29. I have carefully examined and considered the direct testimony of the plaintiff's witnesses as well as the defendant's witnesses named above and I am of opinion that Mt. Karmi lawfully married Kansia in the life-time of Mt. Malti, and before the plaintiff brought the suit in the Court of Tika Sahib of Koti for depriving her of her enjoyment of widows' estate.
30. By her re-marriage with Kansia, Mt. Karmi has forfeited her right to the enjoyment of her share of widows' estate. The question of limitation does not arise as Mt. Malti, it is admitted by both the parties, who, as a co. widow, had a right to deprive Mt. Karmi of the share of Motia's estate, died a short time before this suit was commenced. I am, therefore, of opinion that the plaintiff is entitled to the relief claimed by him, namely, that the sale-deed executed or 7th April 192, in favour of Mehar Singh, defendant 1 by Mt. Malti and Mt. Karmi, defendant is void and inoperative and that this sale did not affect the reversionary rights of plaintiff and that the plaintiff is entitled to claim it as a reversionary heir of Motia. Further the plaintiff is entitled to the immediate possession not? only of the land comprised in the sale, deed but also of the property now held by Mt. Karmfc defendant 2, on account of her re marriage witb Kansia, or in other words, to the entire estate: left by Motia and Mt. Sundru, which was in the enjoyment of the two widows, Mt. Malti and Mt. Karmi, before the execution of the sale-deed.

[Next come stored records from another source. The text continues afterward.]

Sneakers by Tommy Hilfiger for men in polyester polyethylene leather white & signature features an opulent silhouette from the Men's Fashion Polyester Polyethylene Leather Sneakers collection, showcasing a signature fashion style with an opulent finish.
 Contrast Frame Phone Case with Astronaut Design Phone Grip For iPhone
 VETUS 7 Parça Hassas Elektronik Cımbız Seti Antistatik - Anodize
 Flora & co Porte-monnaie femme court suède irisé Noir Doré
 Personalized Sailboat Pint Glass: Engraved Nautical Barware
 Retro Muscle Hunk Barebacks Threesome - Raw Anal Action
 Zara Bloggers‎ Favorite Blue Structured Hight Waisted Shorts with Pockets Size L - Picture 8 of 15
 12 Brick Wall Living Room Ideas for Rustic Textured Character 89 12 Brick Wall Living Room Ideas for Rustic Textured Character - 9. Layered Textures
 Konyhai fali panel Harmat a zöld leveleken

31. I would, therefore, dismiss this appeal and affirm the judgment and decree of the District Judge dated 3rd April 1948, with this modification that the reversionary rights of the plaintiff would take effect immediately and that he would be given possession of the property comprised in the sale-deed and the property now held in possession of Mt. Karmi defendant 2. The defendant will pay the costs of this appeal. I shall advise the Chief Commissioner accordingly.